Adam da sakinleşerek gitmiş. Tüm bunlara tanık olan Hoca’nın karısı bile bu işe şaşırmış kalmış.

– Senin kadılığında bir garip Hoca Efendi. İkisine de sen haklısın dedin. Hiç öyle şey olur mu?

Nasreddin Hoca hanımının yüzüne bakıp:

– Hatun, demiş, sen de haklısın!

Vatandaş olarak durumumuz hocanın karısıyla aynı. Kimin haklı kimin haksız olduğu bu tartışmalarla ortaya çıkacağa benzemiyor. Kısır siyasi tartışma olarak kalacak gibi. İktidar ve muhalefet arada bir birbirine yüklenecek ve iş böyle sürüp gidecektir. Kısaca bu kavgadan galip çıkmaz. Görünen o ki iktidarıyla muhalefetiyle siyaset bu ajan yapıyı erkenden anlamamış. Zaman siyaseten karşılığını herkese gösterecektir.

Gelelim bunun vatandaş ayağına; Bence en mağdur olanı da bu ayak. Çünkü vatandaşın siyasetçiyi affetme yetkisi var ama siyasetçinin vatandaşı affetme yetkisi yok. Hâkim ne derse o.
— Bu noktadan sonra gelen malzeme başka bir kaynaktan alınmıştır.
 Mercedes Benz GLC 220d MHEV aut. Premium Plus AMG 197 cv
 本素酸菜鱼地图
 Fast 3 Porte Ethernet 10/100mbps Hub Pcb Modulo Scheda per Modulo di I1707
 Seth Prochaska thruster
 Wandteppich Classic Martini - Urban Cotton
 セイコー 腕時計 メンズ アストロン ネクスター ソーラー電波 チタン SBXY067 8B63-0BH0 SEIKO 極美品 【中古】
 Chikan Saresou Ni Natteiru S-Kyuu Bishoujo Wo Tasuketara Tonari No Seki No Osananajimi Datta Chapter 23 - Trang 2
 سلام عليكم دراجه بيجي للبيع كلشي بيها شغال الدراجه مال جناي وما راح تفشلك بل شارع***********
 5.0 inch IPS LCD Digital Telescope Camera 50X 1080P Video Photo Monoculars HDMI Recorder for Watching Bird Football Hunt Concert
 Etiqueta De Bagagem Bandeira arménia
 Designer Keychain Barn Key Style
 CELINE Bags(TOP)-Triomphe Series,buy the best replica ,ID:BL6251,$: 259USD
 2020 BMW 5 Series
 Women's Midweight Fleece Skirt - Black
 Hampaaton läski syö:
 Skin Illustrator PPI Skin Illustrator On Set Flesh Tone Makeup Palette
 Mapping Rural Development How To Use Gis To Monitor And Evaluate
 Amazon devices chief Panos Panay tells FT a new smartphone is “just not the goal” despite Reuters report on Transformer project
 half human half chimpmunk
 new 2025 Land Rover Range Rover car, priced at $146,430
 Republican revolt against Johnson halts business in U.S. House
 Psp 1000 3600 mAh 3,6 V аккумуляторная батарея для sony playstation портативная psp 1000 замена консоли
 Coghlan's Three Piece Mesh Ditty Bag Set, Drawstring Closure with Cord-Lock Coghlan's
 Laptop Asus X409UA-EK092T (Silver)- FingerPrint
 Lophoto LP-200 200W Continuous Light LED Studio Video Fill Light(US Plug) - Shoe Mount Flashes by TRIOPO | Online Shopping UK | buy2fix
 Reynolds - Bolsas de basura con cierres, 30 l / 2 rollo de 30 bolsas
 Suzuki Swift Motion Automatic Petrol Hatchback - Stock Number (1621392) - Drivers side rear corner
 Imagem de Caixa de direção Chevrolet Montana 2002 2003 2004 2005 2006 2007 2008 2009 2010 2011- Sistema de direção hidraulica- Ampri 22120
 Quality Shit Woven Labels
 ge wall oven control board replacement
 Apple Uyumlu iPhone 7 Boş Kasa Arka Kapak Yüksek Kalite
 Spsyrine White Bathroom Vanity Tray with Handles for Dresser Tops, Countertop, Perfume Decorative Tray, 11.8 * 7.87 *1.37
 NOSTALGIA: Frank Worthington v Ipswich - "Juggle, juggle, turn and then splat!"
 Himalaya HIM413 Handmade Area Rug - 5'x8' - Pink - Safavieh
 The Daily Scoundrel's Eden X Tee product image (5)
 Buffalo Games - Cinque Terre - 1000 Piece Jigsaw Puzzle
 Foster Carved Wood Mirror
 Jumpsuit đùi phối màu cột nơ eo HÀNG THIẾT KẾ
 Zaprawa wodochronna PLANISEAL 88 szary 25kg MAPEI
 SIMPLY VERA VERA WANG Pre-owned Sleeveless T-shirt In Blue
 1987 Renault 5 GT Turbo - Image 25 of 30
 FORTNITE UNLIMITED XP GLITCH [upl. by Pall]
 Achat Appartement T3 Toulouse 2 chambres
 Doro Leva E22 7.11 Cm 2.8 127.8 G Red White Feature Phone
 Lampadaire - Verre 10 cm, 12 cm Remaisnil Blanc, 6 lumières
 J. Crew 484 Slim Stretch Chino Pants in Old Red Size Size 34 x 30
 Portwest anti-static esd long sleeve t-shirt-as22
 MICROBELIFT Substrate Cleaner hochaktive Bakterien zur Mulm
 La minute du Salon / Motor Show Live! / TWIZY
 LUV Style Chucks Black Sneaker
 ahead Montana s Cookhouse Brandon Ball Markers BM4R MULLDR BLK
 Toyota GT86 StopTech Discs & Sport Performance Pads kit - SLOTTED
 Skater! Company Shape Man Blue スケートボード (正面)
Bir hatıra ile bitireyim. Yıl 1986 ben Kuleli Askeri Lisesi öğrencisiyim. Hazırlık sınıfı bitti, birinci sınıf olduk. Bir fethullahçı soruşturması yapıldı. Hiç tahmin etmediğimiz arkadaşlarımız fethullahçı çıktılar. Hangi mantıkla bilemem ama pişmanlık duyup, bunlarla irtibatını itiraf edenlerin hemen hepsi affedildi. Üçer kişilik hücre yapısında örgütlendikleri, üç kişiden fazla kimsenin birbirini tanımadığı o zaman belli olmuştu. Hatta bir tanesinin sonradan bana anlattığına göre okula girerken yapılan sınavda Türkçe sorularını sözde abiler onlara çözdürmüşler. Ama askeri okul sınav sorusu olduğunu söylememişler!Bu arkadaş liseyi bitirip harp okullarına geçiş muayenelerinde renk körlüğü tespit edilerek sağlık yönüyle subay çıkamadı. Kendine siz kimlerin hakkını yediniz diyerek yüklendiğimde de biz sınav sorusu olduğunu bilmiyorduk demişti. Devlet bu yapıya o zaman merhamet etmiş, pişmanlıklarına inanmıştı. Sonuç mu? O dönem affedilenler 15 Temmuz’un aktif elemanları olarak karşımıza çıktılar. Affedenler arasında bugün liderlik yapan siyasilerin hiçbiri de yoktu.

Anlaşılan millet olarak sen, ben demekten vazgeçerek, cemaat mantığıyla iş yapmayı terk etmedikçe burnumuz bu pisliklerden çıkmayacak.